Robert N. Bradbury, Appellant, v. Armco, Inc., Armco Insurance Group, Inc., Northwesternnational Insurance Company, Wisconsin, Appellee, 870 F.2d 654 (4th Cir. 1989)Annotate this Case
Argued Nov. 3, 1988. Decided Feb. 24, 1989
Zephia Brown Scarborough (Carolyn P. Carpenter, Clute & Shilling on brief) for appellant.
Michael Willis Smith (J. Ross Newell, Theodore F. Adams, III, Christian, Barton, Epps, Brent & Chappel on brief) for appellees.
Before K.K. HALL and BUTZNER, Circuit Judges, and JACKSON L. KISER, United States District Judge for the Western District of Virginia, sitting by designation.
The plaintiff, Robert Bradbury, appeals the trial court's verdict that the decision by the trustees of his insurance plan denying his claim for disability benefits was supported by substantial evidence and was not arbitrary and capricious. Finding no error, we affirm.
Beginning January 15, 1979, Bradbury was employed as a branch manager by Talbot Bird and Company, an insurance underwriting company. Talbot Bird was a subsidiary of a subsidiary of Armco Insurance Group, Inc. ("AIGI"), which sponsored an employee benefit plan providing disability benefits for enrolled Talbot Bird employees.
Under the AIGI plan, employees are eligible for short-term disability pay if they are absent from work because of an accident or illness, and for long-term disability pay if they are completely unable to work and under the care of a doctor. Employees' applications for benefits are reviewed by the trustees of the AIGI plan to determine coverage and eligibility. Employees have a right to appeal the trustees' decision to the Armco Benefit Plan Administrative Committee ("BPAC").
Bradbury has a history of manic-depressive illness. He consulted a doctor on July 19, 1984, in connection with the illness. On August 27, 1984, Bradbury was told that his employment would be terminated, effective September 30, 1984. Bradbury argues that he had missed work because of his illness, and he was fired because of his frequent absences. Bradbury contends that he was unable to report to work at all as of September 20, 1984.
Bradbury applied for disability benefits under the AIGI plan on September 30, 1986. Bradbury explains that this long delay in his application was caused by his illness--that he was unaware of the fact that he had been completely disabled by manic-depressive illness since 1984 until he consulted his doctor in 1986.
After reviewing Bradbury's application for benefits and his personnel file, the trustees of the AIGI plan determined that Bradbury had been on the job until his last effective day at Talbot Bird, September 30, 1984. Therefore, the trustees denied Bradbury's claim for benefits, because he did not meet the test of being absent and unable to work at the time of his termination at Talbot Bird. Bradbury appealed the trustees' decision to BPAC, which confirmed the decision.

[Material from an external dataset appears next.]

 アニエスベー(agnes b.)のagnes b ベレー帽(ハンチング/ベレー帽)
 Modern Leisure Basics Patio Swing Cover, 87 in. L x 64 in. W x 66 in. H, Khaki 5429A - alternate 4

This action is governed by the Employee Retirement Income Security Act (ERISA). When Bradbury appealed the trustees' decision to the district court, the sole issue for the court was whether the trustees' decision was arbitrary, capricious, and not supported by substantial evidence. See LeFebre v. Westinghouse Electric Corp., 747 F.2d 197, 204 (4th Cir. 1984). Having reviewed the evidence that was before the trustees, the district court affirmed the trustees' decision. Our review of the evidence before the district court indicates no error in the court's decision.
The trustees had before them several documents pertaining to Bradbury's disability. The primary document in support of Bradbury's claim was a letter from his doctor stating that Bradbury was entering a manic phase of his illness when the doctor saw him on July 19, 1984, that Bradbury was "let go" on September 30, 1984, and that the doctor saw him again on September 15, 1986. The doctor's opinion was that Bradbury's manic-depressive illness had caused his unemployment. Bradbury submitted no documentation for his claim that he was absent and unable to work as of September 20, 1984.
Several documents reviewed by the trustees contradicted Bradbury's claim. Bradbury's personnel file contained no indication that he had been absent from work on or after September 20, 1984. Moreover, the file contained Bradbury's application for unemployment compensation on December 9, 1984, after he had left Talbot Bird, which indicated that Bradbury was able to work as of that date. Had Bradbury been disabled by his manic-depressive illness and been unable to work, he would have been ineligible for unemployment compensation.
In short, the trustees had absolutely no evidence before them to indicate that Bradbury had been disabled by his manic-depressive illness and was unable to work before September 30, 1984, his last day on the job at Talbot Bird. Therefore, given their duty to protect the assets of the insurance plan from improper claims, the trustees were justified in denying Bradbury's claim. The trustees' decision was supported by substantial evidence.
The district court did not err in affirming the trustees' decision.